3

I have OpenRefine (a webapp hosted by jetty) running on:

http://127.0.0.1:3333

Which looks like this:

Web OK

Everything works perfectly.

Now I would like to tunnel this through Apache2 (for security and renaming reasons), so I changed my http.conf file and modified it like this:

ProxyPass /refine http://127.0.0.1:3333
ProxyPassReverse /refine http://127.0.0.1:3333

Now if I try to open the page through the proxy this is what I see:

Web Bad

It looks like all the dynamic content is not working properly. How can I solve this?

Notes:

  • I made sure mod_proxy is updated and working. Tested with other webapps from Tomcat.
Jerry
  • 107
  • 6
Jesus
  • 655
  • 1
  • 7
  • 21

2 Answers2

3

You can use mod_proxy with OpenRefine without using virtual hosts.

I needed to do this exact same thing today. I have an SSL portal through which users must authenticate with some complicated PKI and LDAP tracking, and I need OpenRefine to be hosted behind this because of some data which it has access to. The answers to this problem given in this thread and elsewhere simply weren't acceptable, so I went through the source code expected to patch this behavior in--but I didn't have to!

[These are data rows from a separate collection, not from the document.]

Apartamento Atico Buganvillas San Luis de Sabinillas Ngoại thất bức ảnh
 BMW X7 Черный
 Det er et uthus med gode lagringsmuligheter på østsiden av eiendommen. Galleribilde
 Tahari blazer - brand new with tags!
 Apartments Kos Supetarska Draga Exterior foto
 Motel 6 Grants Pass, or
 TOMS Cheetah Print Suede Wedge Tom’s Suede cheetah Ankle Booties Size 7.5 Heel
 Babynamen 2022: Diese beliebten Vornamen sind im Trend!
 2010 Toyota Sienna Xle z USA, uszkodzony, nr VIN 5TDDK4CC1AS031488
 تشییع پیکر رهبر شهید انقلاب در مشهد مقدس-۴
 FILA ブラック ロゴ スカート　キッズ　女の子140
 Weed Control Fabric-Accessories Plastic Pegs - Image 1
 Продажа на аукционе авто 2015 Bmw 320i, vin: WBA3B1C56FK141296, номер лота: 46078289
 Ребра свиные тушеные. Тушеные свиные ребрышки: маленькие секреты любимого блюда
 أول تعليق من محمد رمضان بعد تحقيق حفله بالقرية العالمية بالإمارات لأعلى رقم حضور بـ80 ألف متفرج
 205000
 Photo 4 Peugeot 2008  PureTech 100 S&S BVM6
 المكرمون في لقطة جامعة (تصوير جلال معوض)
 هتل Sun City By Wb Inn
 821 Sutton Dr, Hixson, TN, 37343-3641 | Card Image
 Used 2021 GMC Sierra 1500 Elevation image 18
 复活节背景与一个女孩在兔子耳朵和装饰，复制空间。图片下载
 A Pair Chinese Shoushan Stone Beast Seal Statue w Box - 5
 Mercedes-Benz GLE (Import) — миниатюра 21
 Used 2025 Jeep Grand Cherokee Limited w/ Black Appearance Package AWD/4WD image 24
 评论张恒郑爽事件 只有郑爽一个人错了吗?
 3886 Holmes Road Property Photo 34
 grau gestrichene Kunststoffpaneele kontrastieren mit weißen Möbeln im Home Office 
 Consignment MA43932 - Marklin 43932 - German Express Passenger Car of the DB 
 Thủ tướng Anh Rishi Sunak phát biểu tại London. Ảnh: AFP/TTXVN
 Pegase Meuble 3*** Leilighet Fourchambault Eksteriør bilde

I noticed that because OpenRefine runs out of a WEB-INF directory, it probably is probably built as a typical java web app. And sure enough, when I looked for how the context was being set on the server, I found this in Refine.java:

final String contextPath = Configurations.get("refine.context_path","/");

So this is what you do:

NOTE: StackOverflow won't let me write things that look like URLs because I don't have any reputation here. So when you read http:\, that really means http://.

1) In refine.ini, make sure that JAVA_OPTIONS includes "-Drefine.context_path=/refine". (It should go without saying that you changed refine.host to 0.0.0.0 instead of 127.0.0.1 and you also set refine.headless=true.) When you restart OpenRefine now, you'll access it at http:\your.refine.server:3333/refine (obviously put your server hostname in that url).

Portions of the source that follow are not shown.